In the entries below, begin at the line that has "Donate All Your" and stop after the line that has "#QAHumor #DevVsQA #SoftwareDevelopment"; output those lines exactly, leaving out pictures.

╭─ Excerpted data

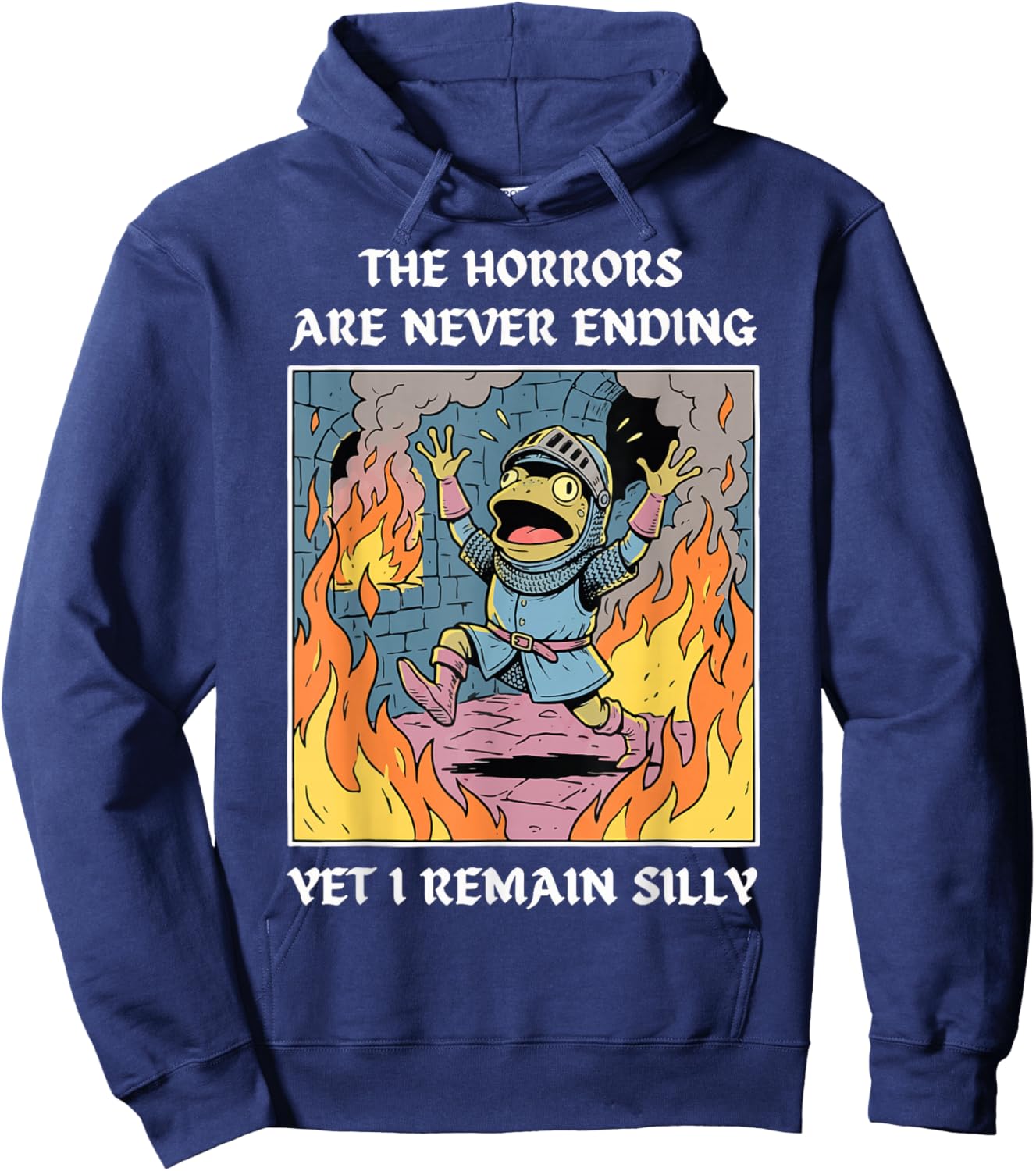 The Horrors are Never Ending Yet I Remain Silly Hoodie - Hoodie | Navy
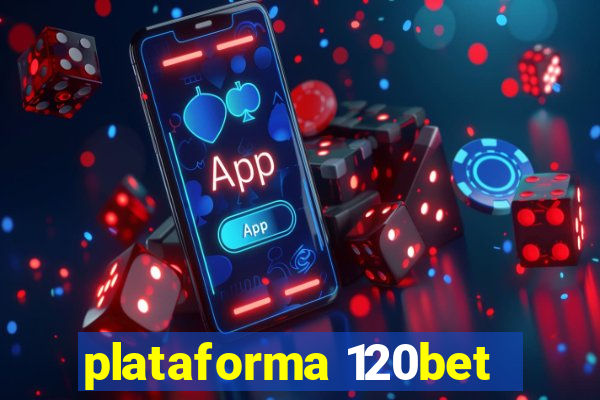 plataforma 120bet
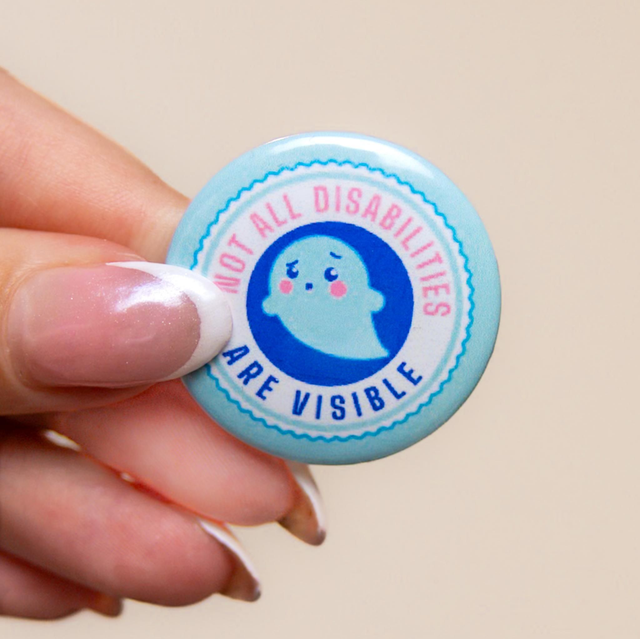'Not all Disabilities are Visible' - Small Badge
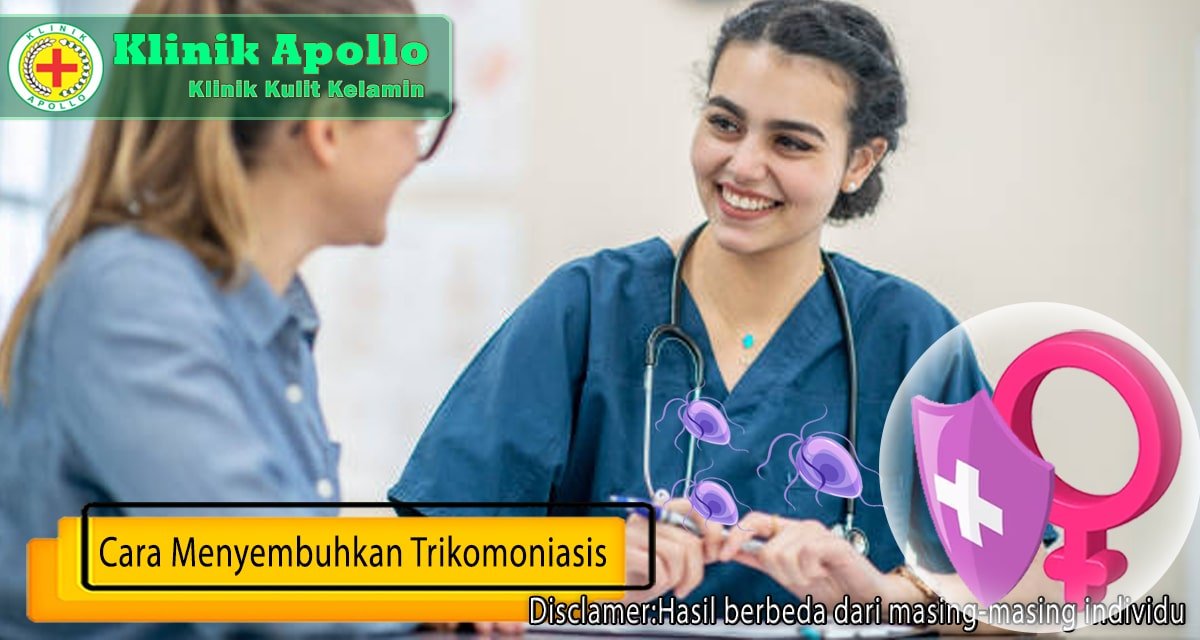 Anda tidak perlu khawatir karena trikomoniasis dapat disembuhkan oleh dokter ahli.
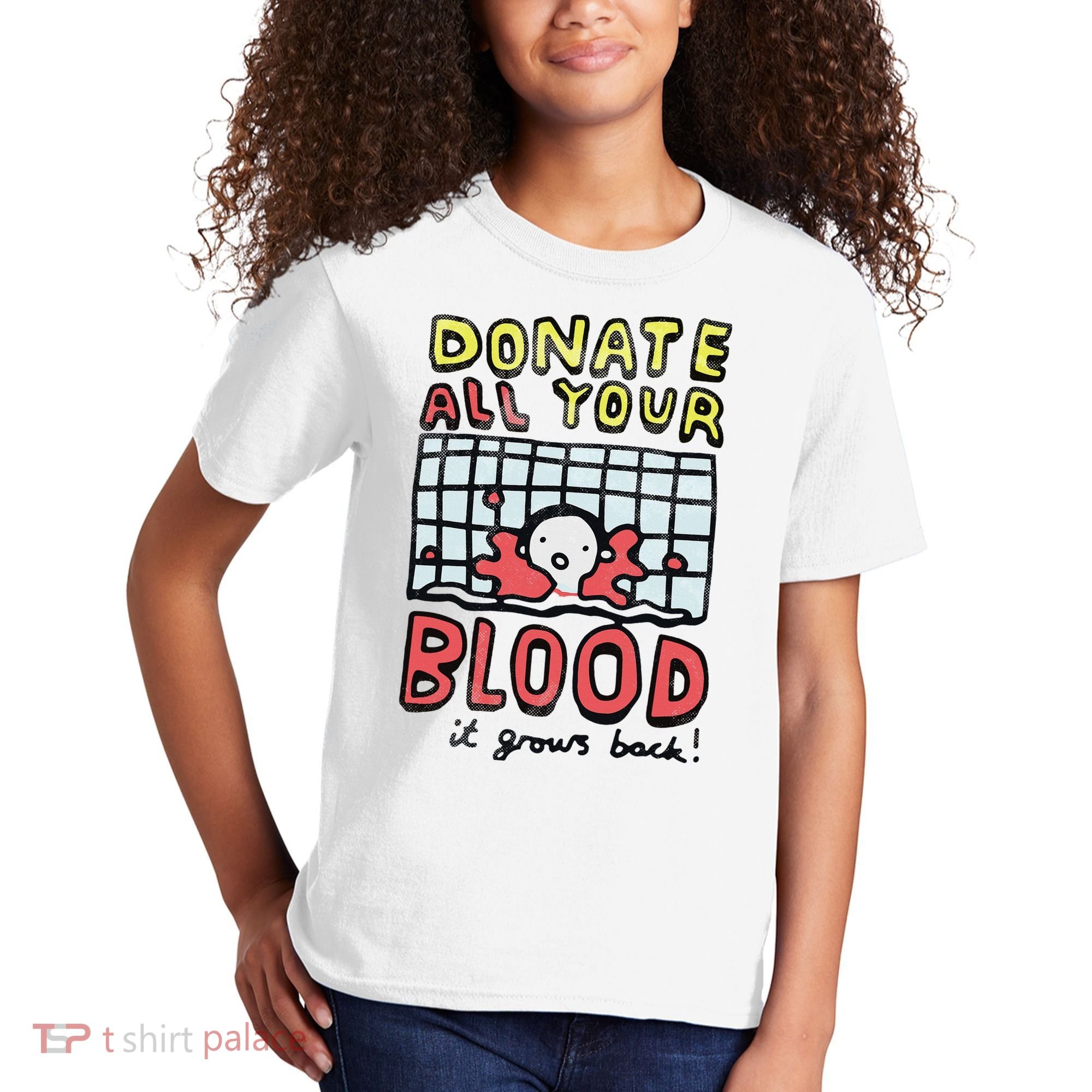 Donate All Your Blood It Grows Back  Kids T-Shirt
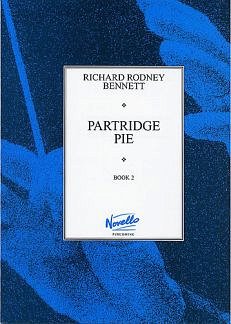 R.R. Bennett: Partridge Pie Book 2 For Piano
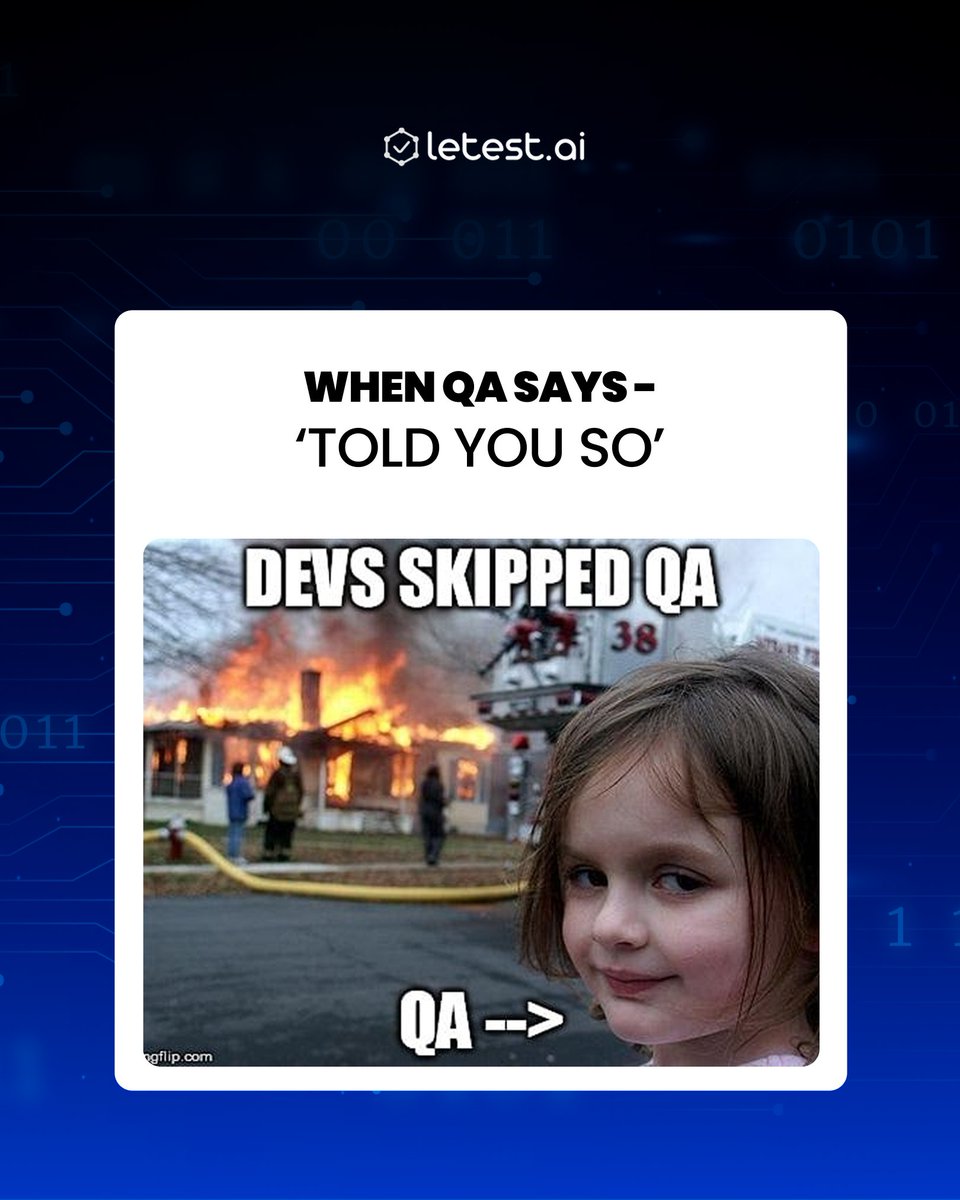 letest_ai's tweet image. That smirk says it all. 😉
We&apos;ve all been in a situation where skipping a critical step (like QA!) leads to a... fiery outcome. 
Tag a dev who knows this feeling! 😂

#QAHumor #DevVsQA #SoftwareDevelopment #TechMeme #QualityAssurance #letestAI #Testing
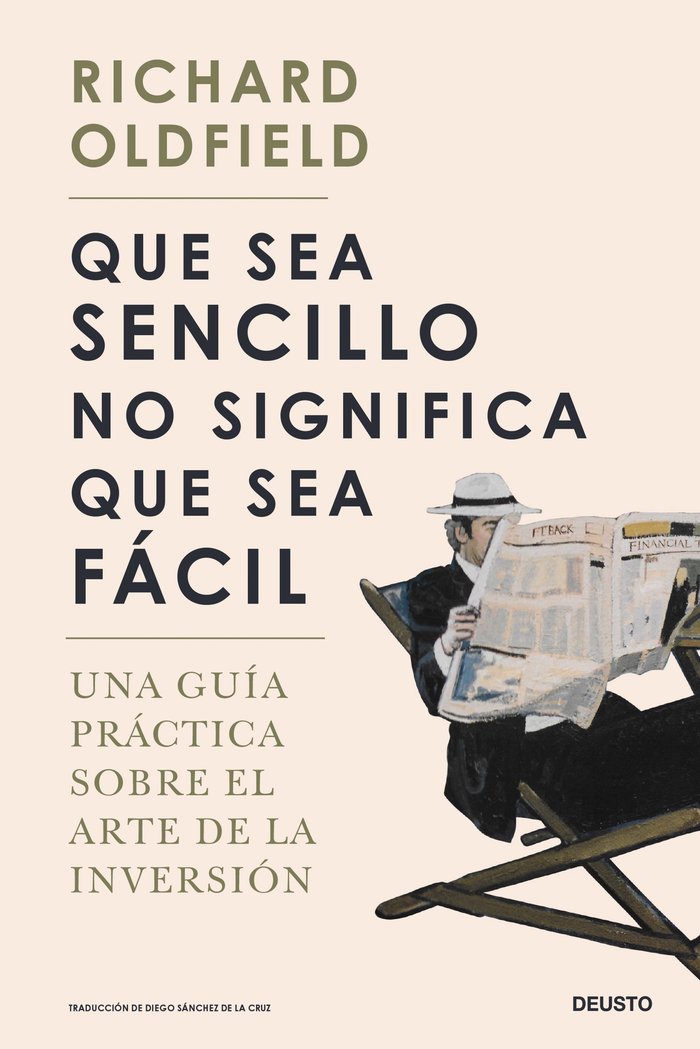 QUE SEA SENCILLO NO SIGNIFICA QUE SEA FACIL, de OLDFIELD, RICHARD | portada del libro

╰─

:: Exercise result ::
 Donate All Your Blood It Grows Back  Kids T-Shirt
 R.R. Bennett: Partridge Pie Book 2 For Piano
 letest_ai's tweet image. That smirk says it all. 😉
We&apos;ve all been in a situation where skipping a critical step (like QA!) leads to a... fiery outcome. 
Tag a dev who knows this feeling! 😂

#QAHumor #DevVsQA #SoftwareDevelopment #TechMeme #QualityAssurance #letestAI #Testing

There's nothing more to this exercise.